En paralelo, los indicadores sociales muestran que la violencia en contra de la mujer y el maltrato siguen siendo un marco estructural que condiciona la autoestima, los valores familiares, el autoconcepto y la autonomía femenina. Cuando en un contexto se normaliza la violencia como elemento de rutina, se debilita el suelo ético y se hacen más probables las transacciones desiguales en distintos ámbitos, incluida la política.

En paralelo a esto, los recientes escándalos y controversias en el entorno del Palacio de Gobierno y otras instituciones han reactivado el debate sobre la jerarquía, la meritocracia, la transparencia y la ética pública. Las denuncias en diversos medios de comunicación sobre presuntos favoritismos y accesos privilegiados generan un alto impacto social  no solo para las presentes, sino para las futuras generaciones. Al mismo tiempo, es necesario evitar la estigmatización general de las mujeres, pues ello reproduce violencia simbólica y deslegitima trayectorias basadas en esfuerzos, preparación y competencia real.

Desde la mirada sistémica de las Constelaciones Familiares, las conductas individuales se entienden dentro de redes de pertenencia y lealtades invisibles. El “atajo” hacia el poder suele aparecer cuando se combinan carencias afectivas, desorden, presión por reconocimiento rápido y cultura de impunidad. Esto muestra la búsqueda de ventaja como sustituto de valores. Esta crisis de valores es un desafío que nuestra sociedad no puede evadir más.

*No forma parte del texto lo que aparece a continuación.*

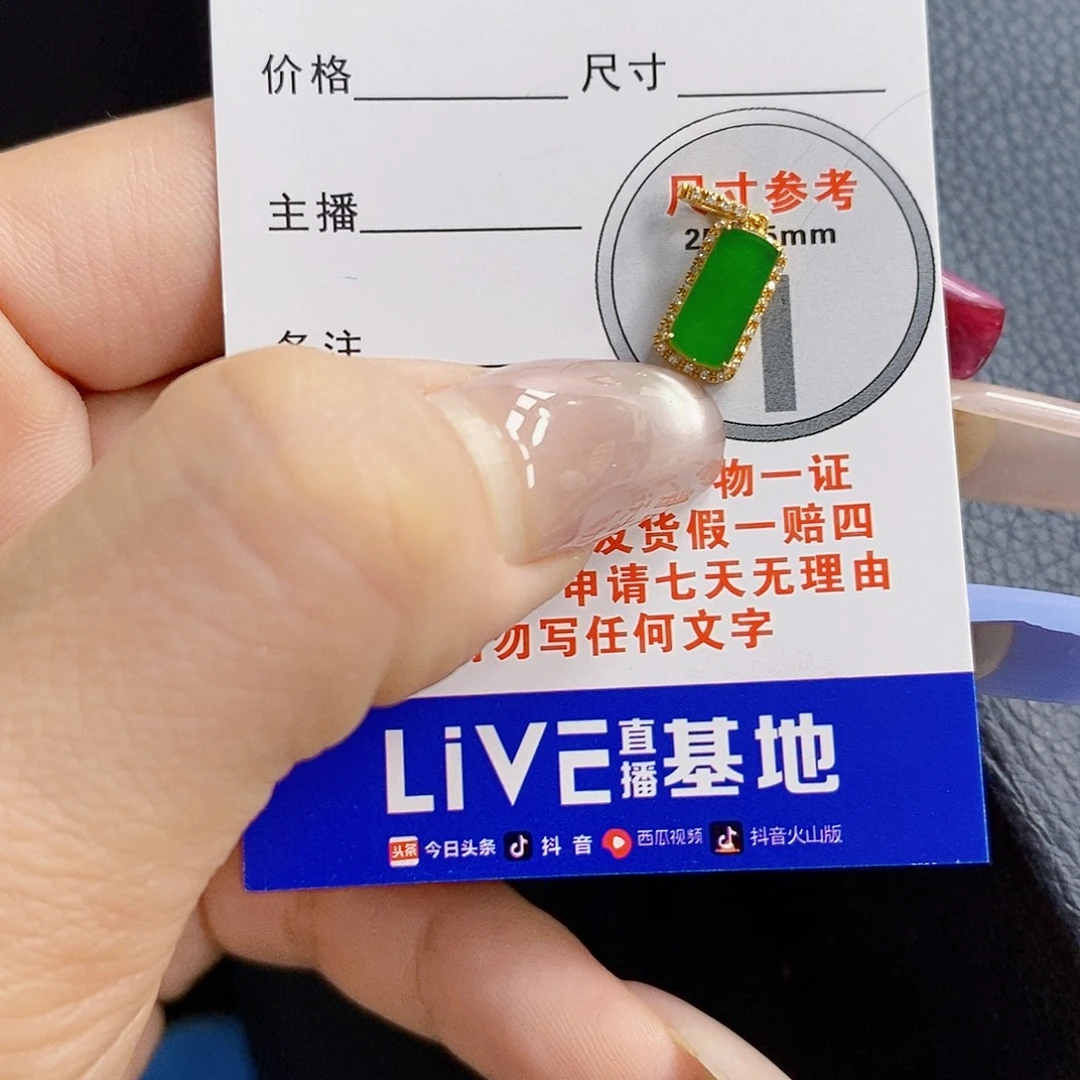 翡翠18K金镶嵌颈饰翡翠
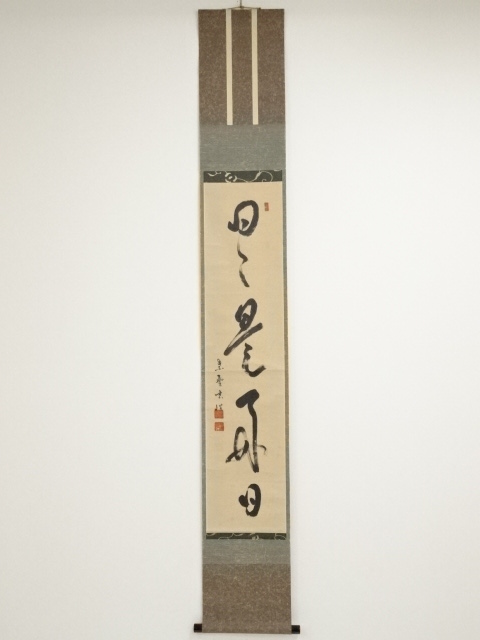 JAPANESE HANGING SCROLL / HAND PAINTED / CALLIGRAPHY 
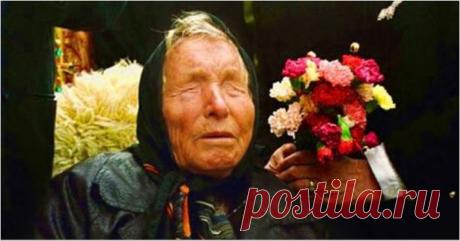 Редкий заговор от Ванги! Ванга вещает: «Выбрось 3 вещи из своего дома, потом бери яйцо…» Не так давно ко мне в гости пришла моя подруга с огромным тортом и радостными новостями. Оказалось, что после 5 лет кропотливой работы секретарем-референтом она внезапно получила повышение до заместителя начальника отдела продаж. Случилось это так неожиданно, что у нее буквально пропал дар речи… Важно отметить, что там, где работает моя подруга, продвижение по карьерной лестнице происх...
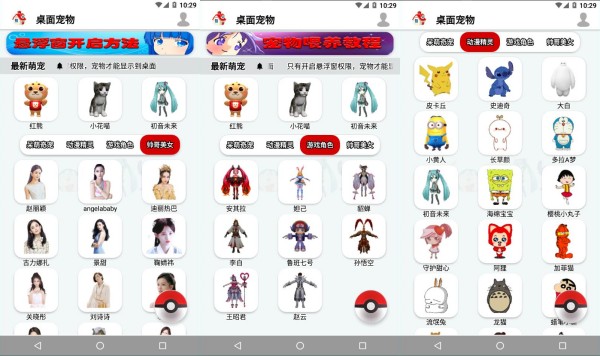 桌面宠物最新版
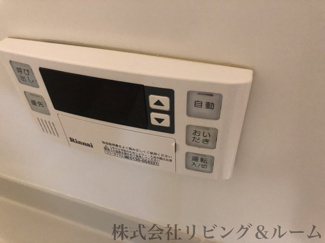 【設備】 | ソレーユ２７１　Ａ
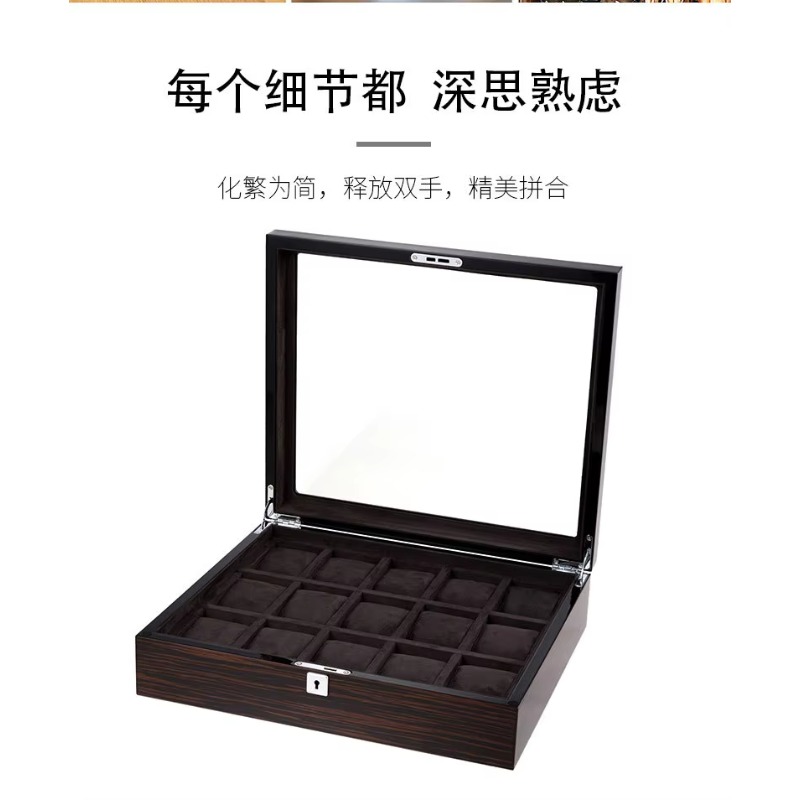 Hxl wooden piano lacquer multi - Jewelry Box With Watches review and price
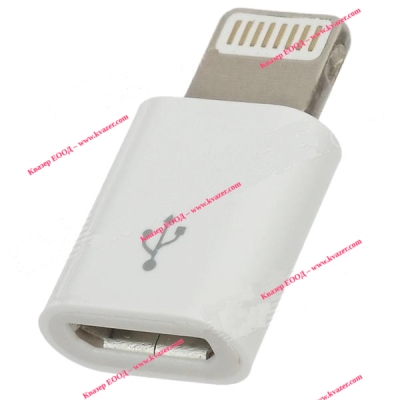 Преход IPHONE 5 към Micro USB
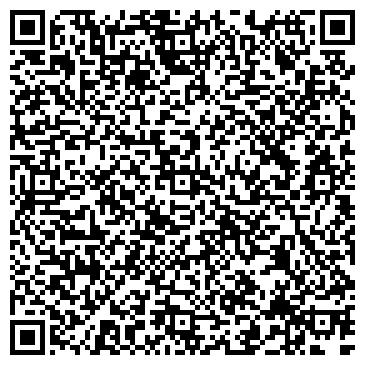 QR-код с контактной информацией организации Александра М
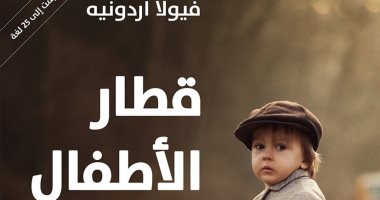 صدر حديثا.. "أطفال القطار" لـ الإيطالية فيولا أردونيه عن الساقى"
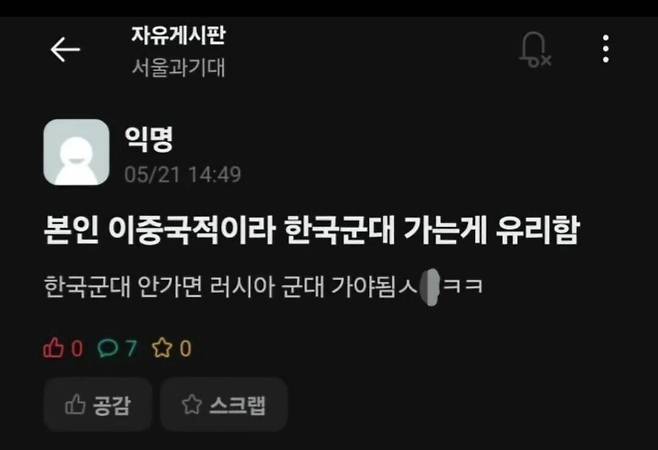 본인 이중국적이라 무조건 한국군대 가야됨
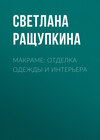 Макраме: отделка одежды и интерьера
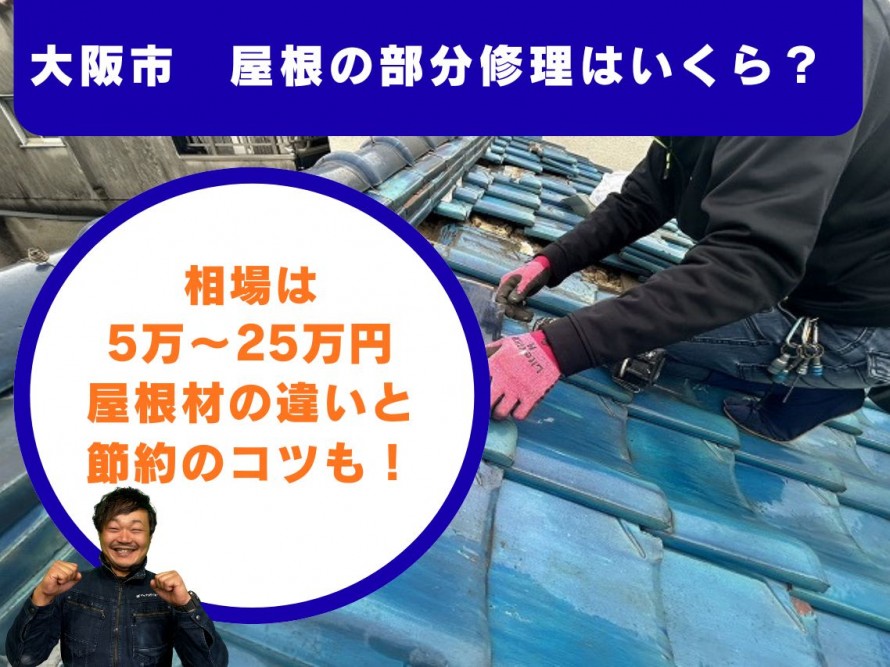 77769e243f8b7030fd9f9db2743efa83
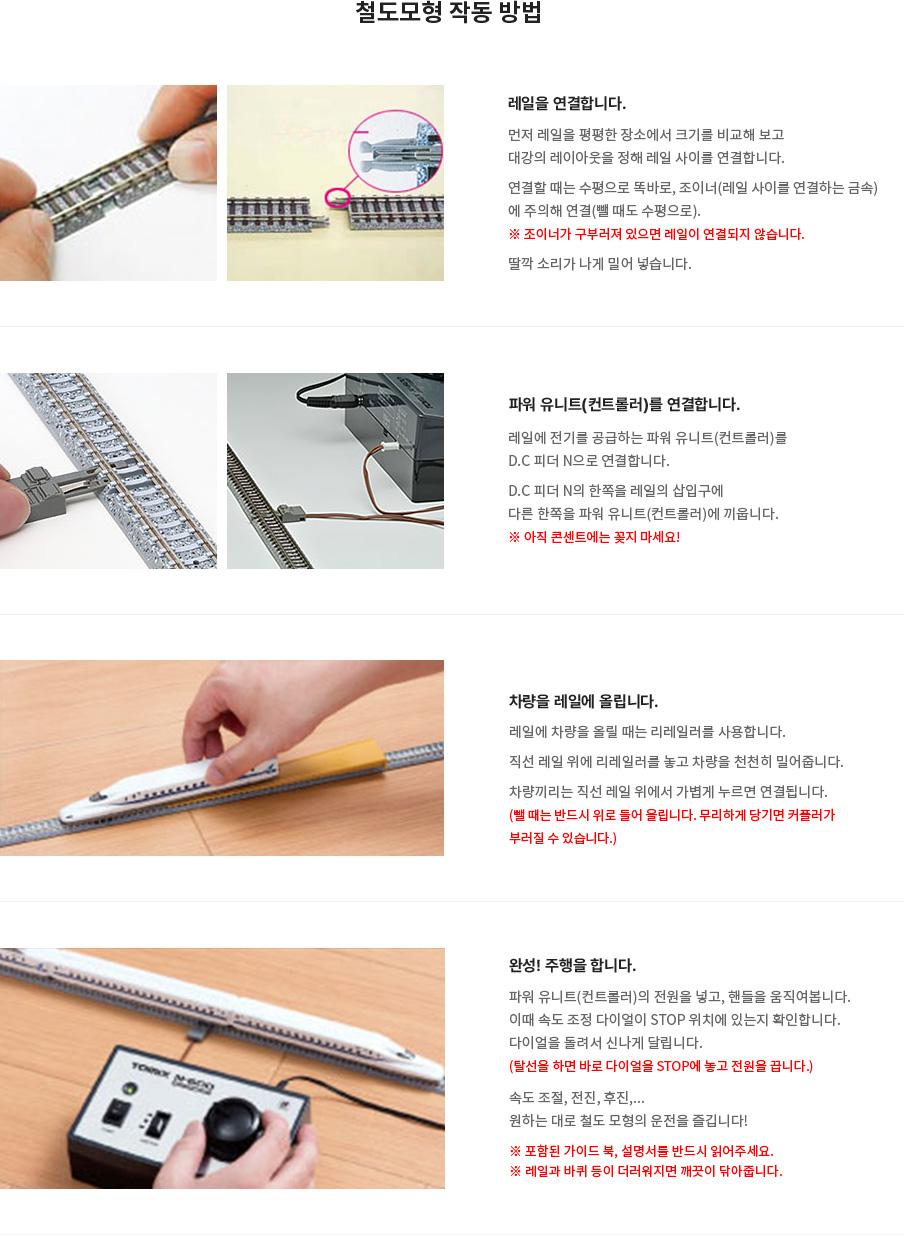 ec4d87a4dfd9285a8bd11338d6d74597_1744357027_6128.jpg
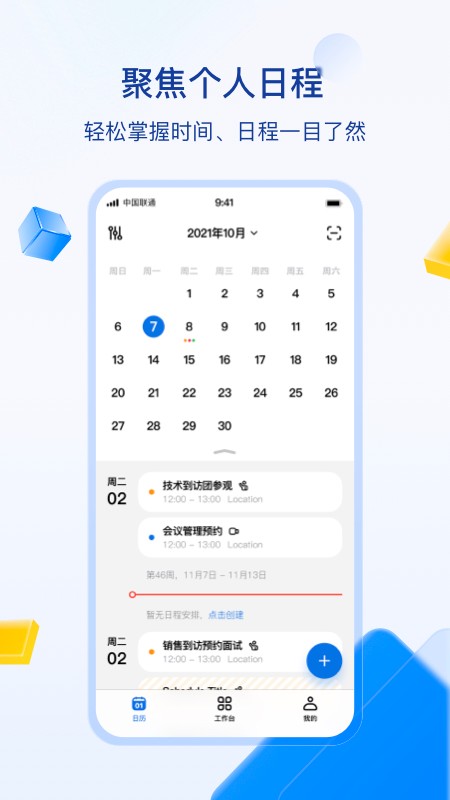 目视智慧办公app最新版截图1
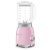 Блендер SMEG BLF03PKEU Блендер SMEG BLF03PKEU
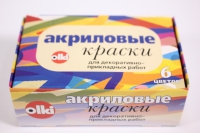 акриловая краска в наборе дизайн 6шт/22мл. 2001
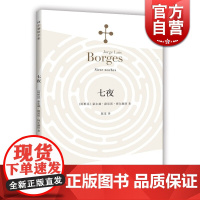 七夜 博尔赫斯全集深沉的玫瑰作者豪尔赫路易斯博尔赫斯著阿根廷文学陈泉译外国小说文学书籍现代短篇小说集海译文出版社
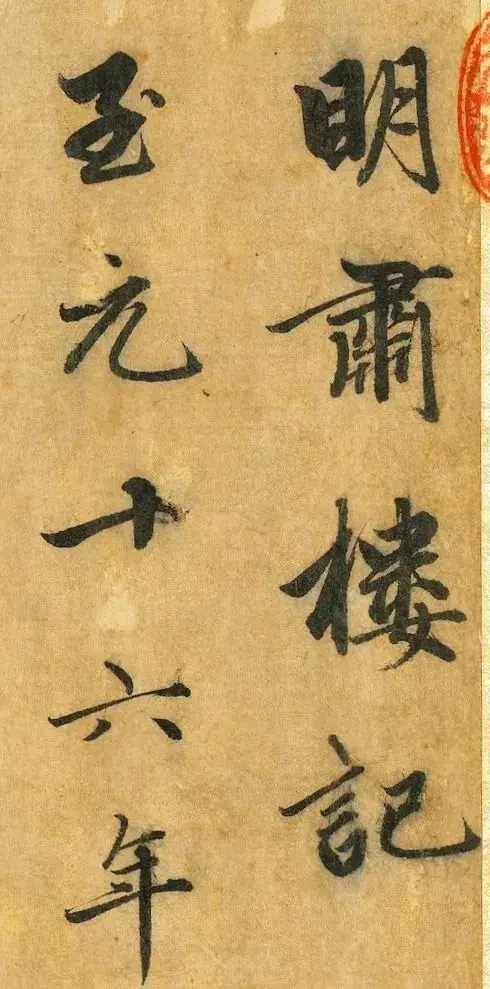 赵孟頫行书《明肃楼记》，用笔温润如玉(图1)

Cuando el sistema social premia el resultado inmediato sobre el mérito, se produce un desorden: se rompe la relación sana entre esfuerzo y logro. En términos sistémicos, se desplaza el orden por la ventaja. No es un fenómeno de género sino humano, pero impacta especialmente en la imagen social de la mujer cuando se mezcla con narrativas de sexualización del acceso al poder. El poder sin ética tiene costos personales, políticos y sistémicos.

La pregunta central que la sociedad y las familias podríamos hacer es: ¿Qué modelos de éxito estamos transmitiendo a la juventud?

Para las mujeres jóvenes, el reto es acceder a espacios de liderazgo con estructura interna, claridad de valores y límites firmes. Un sistema familiar que transmite respeto, pertenencia y responsabilidad fortalece la capacidad de decir no ante propuestas degradantes.

La sociedad necesita más participación femenina en política, pero con base ética y mérito. Desde la mirada sistémica, recuperar valores es recuperar orden: entre mérito y cargo, entre servicio y beneficio, entre dignidad y ambición. Allí donde este orden se restablece, disminuye la necesidad de atajos y aumenta la posibilidad de un liderazgo sano y confiable.